I would use E-utilities to access data at NCBI instead.
url <- "http://eutils.ncbi.nlm.nih.gov/entrez/eutils/esearch.fcgi?db=clinvar&term=brca1"
readLines(url)
[1] "<?xml version=\"1.0\" ?>"
[2] "<!DOCTYPE eSearchResult PUBLIC \"-//NLM//DTD eSearchResult, 11 May 2002//EN\" \"http://www.ncbi.nlm.nih.gov/entrez/query/DTD/eSearch_020511.dtd\">"
[3] "<eSearchResult><Count>1080</Count><RetMax>20</RetMax><RetStart>0</RetStart><QueryKey>1</QueryKey><WebEnv>NCID_1_36649974_130.14.18.34_9001_1386348760_356908530</WebEnv><IdList>"
Pass the QueryKey and WebEnv to esummary and get the XML summary (this changes with each esearch, so copy and paste the new keys into the url below)
url2 <- "http://eutils.ncbi.nlm.nih.gov/entrez/eutils/esummary.fcgi?db=clinvar&query_key=1&WebEnv=NCID_1_36649974_130.14.18.34_9001_1386348760_356908530"
brca1 <- xmlParse(url2)
Next, view a single record and then extract the fields you need. You may need to loop through the set if there are 0 to many values assigned to a tag. Others like clinical significance description always have 1 value.
getNodeSet(brca1, "//DocumentSummary")[[1]]
table(xpathSApply(brca1, "//clinical_significance/description", xmlValue) )
Benign conflicting data from submitters not provided other
129 22 6 1
Pathogenic probably not pathogenic probably pathogenic risk factor
508 68 19 43
Uncertain significance
284
Also, there are many packages with E-utilities on github and BioC (rentrez, reutils, genomes and others).
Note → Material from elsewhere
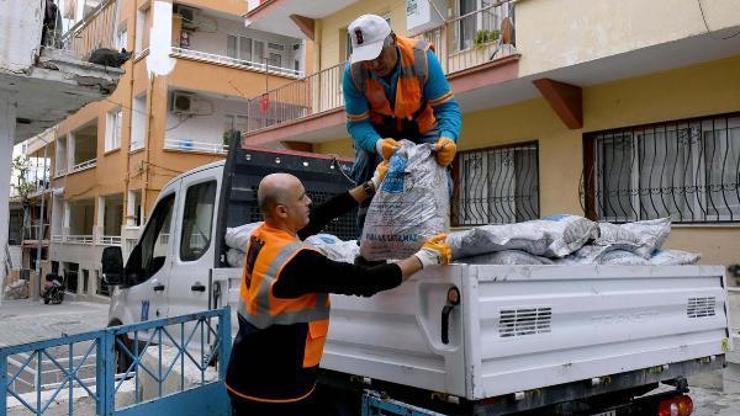 Kuşadasında ihtiyaç sahiplerine kömür desteği başladı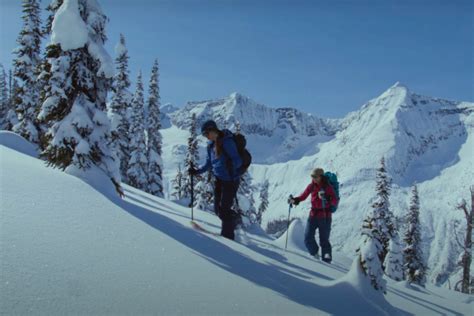 Meet the Female Mountain Guides Who Made Rogers Pass Safe to Ski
Using the genomes package on BioC, this simplifies to
brca1 <- esummary( esearch("brca1", db="clinvar"), parse=FALSE )
Using the e-utilities feature on the NCBI database, see http://www.ncbi.nlm.nih.gov/books/NBK25500/ for more details.
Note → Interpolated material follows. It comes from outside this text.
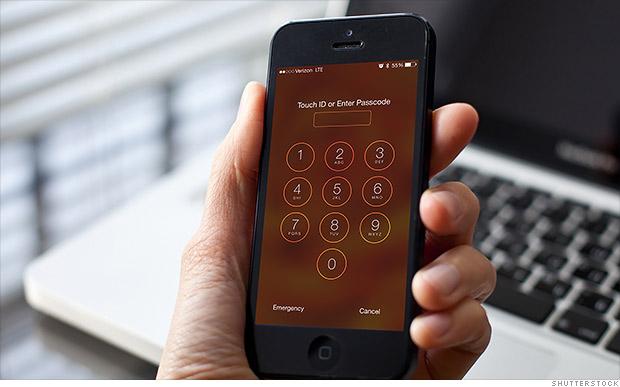 CNNBusiness's tweet image. Apple, Google, Facebook and Microsoft are fighting to keep the gov't out of your smartphone cnnmon.ie/1AdWMym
## use eSearch feature in eUtilities to search NCBI for ids corresponding to each row of data.
## note to see all ids, not not just top 10 set retmax to a high number
## to get query id and web env info, set usehistory=y
library(RCurl)
library(XML)
baseSearch <- ("http://eutils.ncbi.nlm.nih.gov/entrez/eutils/esearch.fcgi?db=") ## eSearch
db <- "clinvar" ## database to query
gene <- "BRCA1" ## gene of interest
query <- paste('[gene]+AND+"','clinsig pathogenic"','[Properties]+AND+"','single nucleotide variant"','[Type of variation]&usehistory=y&retmax=1110',sep="") ## query, see below for details
baseFetch <- "http://eutils.ncbi.nlm.nih.gov/entrez/eutils/efetch.fcgi?db=" ## base fetch
searchURL <- paste(baseSearch,db, "&term=",gene,query,sep="")
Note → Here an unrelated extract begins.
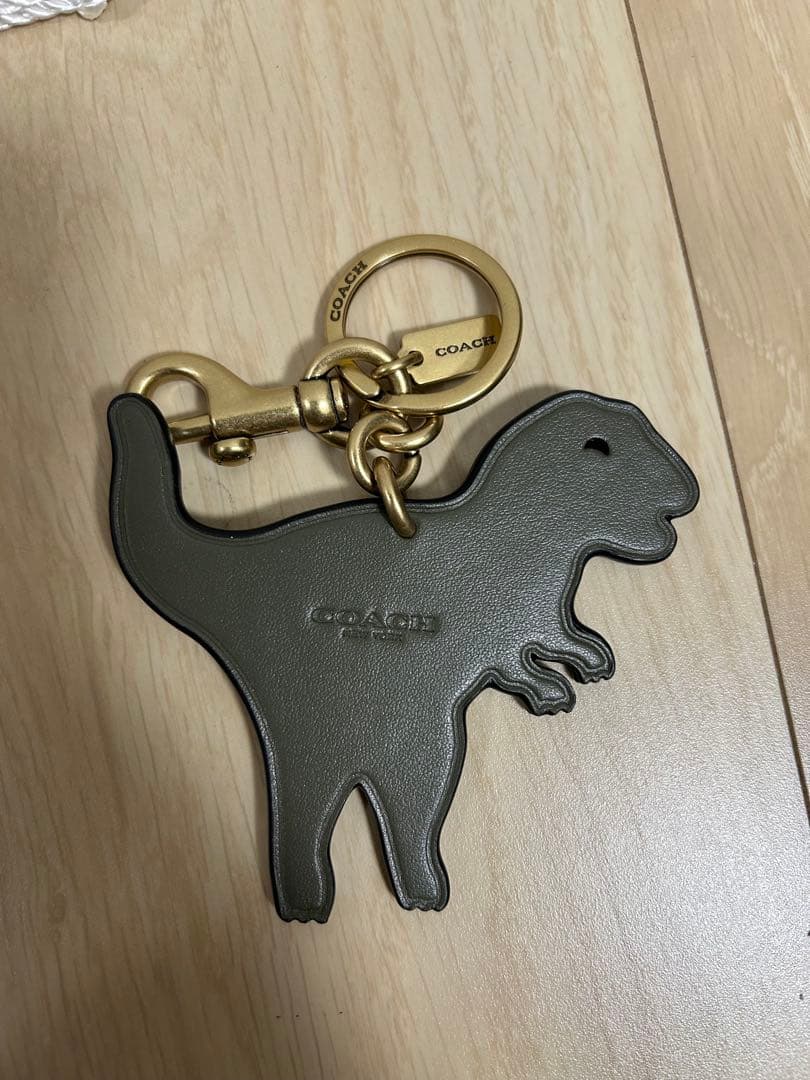 coach レキシー バッグ チャーム　YOASOBI 幾田りら　アイドル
getSearch <- getURL(searchURL)
searchHTML <- htmlTreeParse(searchURL, useInternalNodes =T)
nodes <- getNodeSet(searchHTML,"//querykey") ## this name "querykey" was extracted from the HTML source code for this page
querykey <- xmlToDataFrame(nodes)
nodes <- getNodeSet(searchHTML,"//webenv") ## this name "webenv" was extracted from the HTML source code for this page
webenv <- xmlToDataFrame(nodes)
fetchURL <- paste(baseFetch,db,"&query_key=",querykey,"&WebEnv=",webenv[[1]],"&rettype=docsum",sep="")
getFetch <- getURL(fetchURL)
fetchHTML <- htmlTreeParse(getFetch, useInternalNodes =T)
nodes <- getNodeSet(fetchHTML, "//position")
extractedDataAll <- xmlToDataFrame(nodes)
colnames(extractedDataAll) <- c("pathogenicSNPs")
print(extractedDataAll)
Please note, I found the query information by going to http://www.ncbi.nlm.nih.gov/clinvar/?term=BRCA1 selecting my filters (pathogenic, etc) and then clicking the advanced button. The most recent filters applied should come up in the main box, I used this for the query.
ClinVar now offers XML download of the whole database so webscraping is not necessary.